Young Turk Revolution of Sultan Abdülhamid

Disaster will follow the Ottoman Empire first in the Balkan Wars and then in World War I.

With the Young Turk Revolution of 1908, Sultan Abdülhamid was forced to reconvene the parliament and maintain his symbolic position. In January 1909, when the Parliament convened under the presidency of Ahmet Rıza, the CUP enjoyed only a slight majority in the Chamber of Deputies.

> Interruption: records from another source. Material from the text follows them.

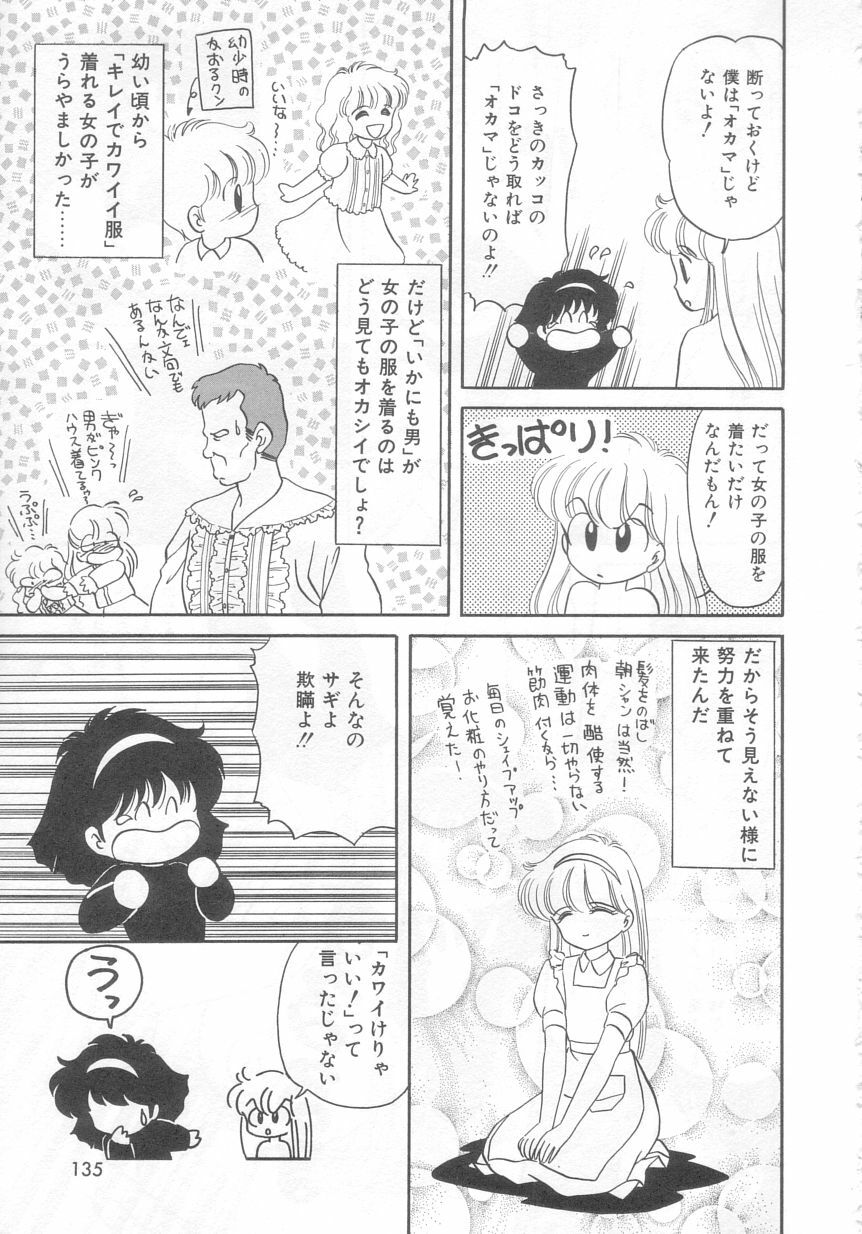 [Ozuno Mahou] Tokimeki Network page 134 full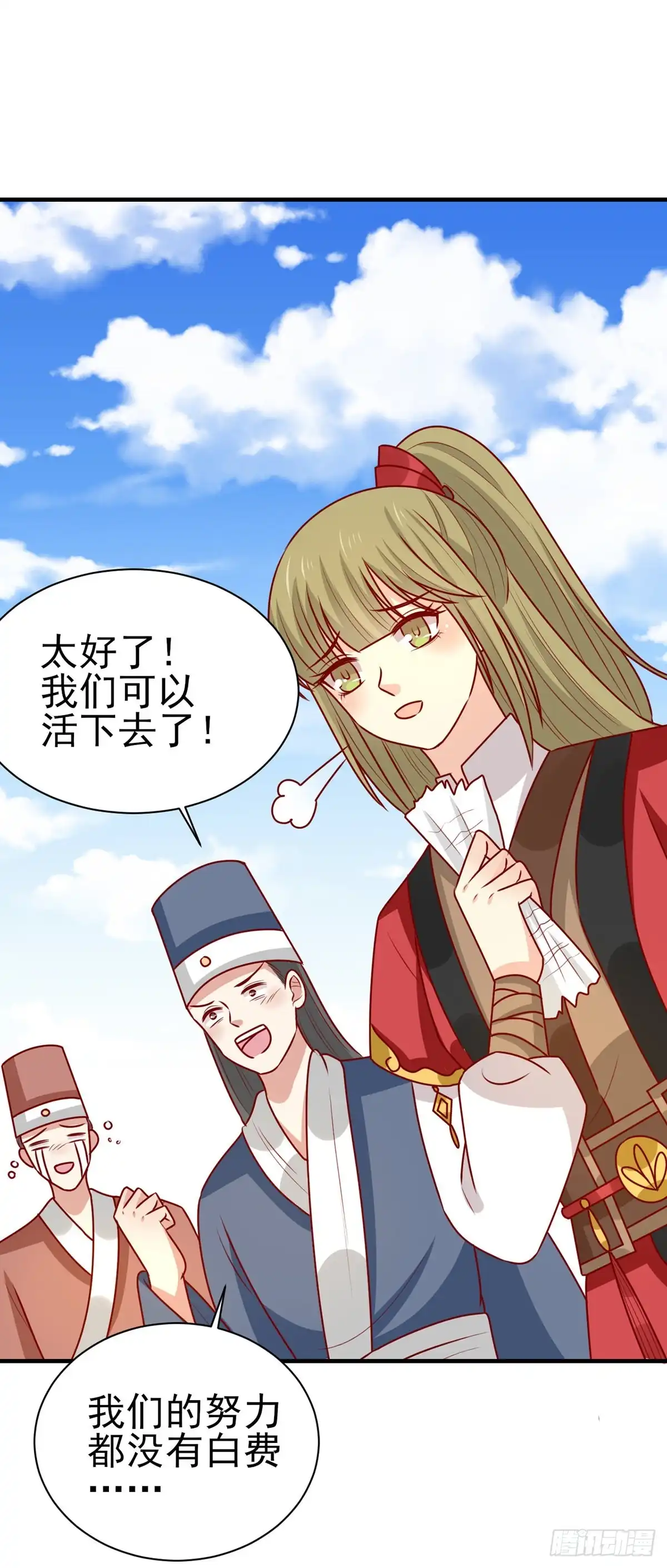 《王爷，奴家减个肥》第177话 补偿 第26页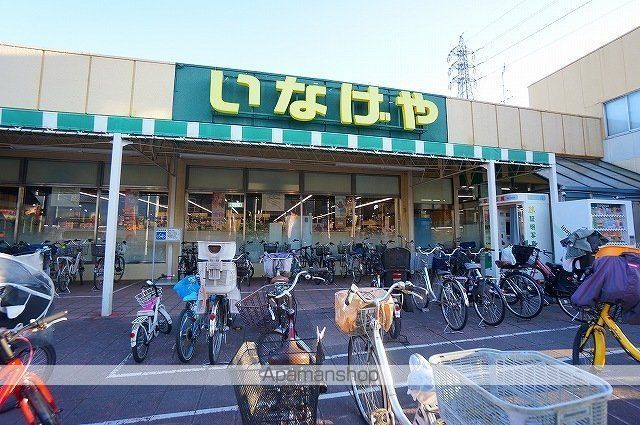 スーパー　いなげや和光新倉店（スーパー）まで550m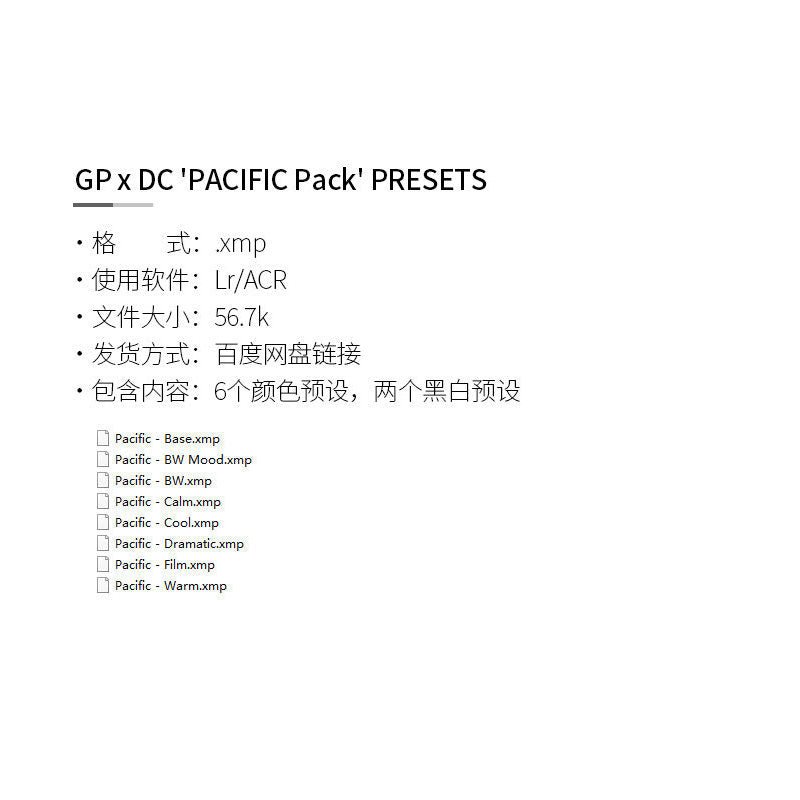 LR Lightroom Warm Wedding Preset Filter – GP x DC PACIFIC Pack Presets - MICHIGO STUDIO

Between January and April, the CUP came under criticism from opponents for its political tactics.

 

Bureaucrats, officials of the palace, and Ulema rallied around slogans of restoring Şeriat (Shariat or Islamic Law) and calling for the return of Sultan Abdül Hamid II to power.

 

On the evening of April 12–13, 1909, Albanian conscripts of the First Army in the barracks in Taksim Square mutinied in the name of Şeriat and Sultan Abdül Hamid II.

 

The mutinous soldiers gathered against the constitutional system in support of the restoration of Abdulhamid's rule as Sultan and the Caliph of the Muslim world and besieged the Parliament.

 

The CUP in Salonica reacted immediately and General Mahmud Şevket Paşa raised an army that occupied Istanbul on April 24, 1909, and defeated the countercoup. The event is famously known as the 31 March Incident.

 

The CUP discussed the question as to whether Abdul Hamid would be permitted to remain on the throne or be deposed or even be executed. Eventually, he was deposed on April 27, 1909, after 33 years of rule. He was exiled to Thessaloniki (Salonica), in modern-day Greece, along with 38 people, including his family members. 

 

Disaster will follow the Ottoman Empire first in the Balkan Wars and then in World War I.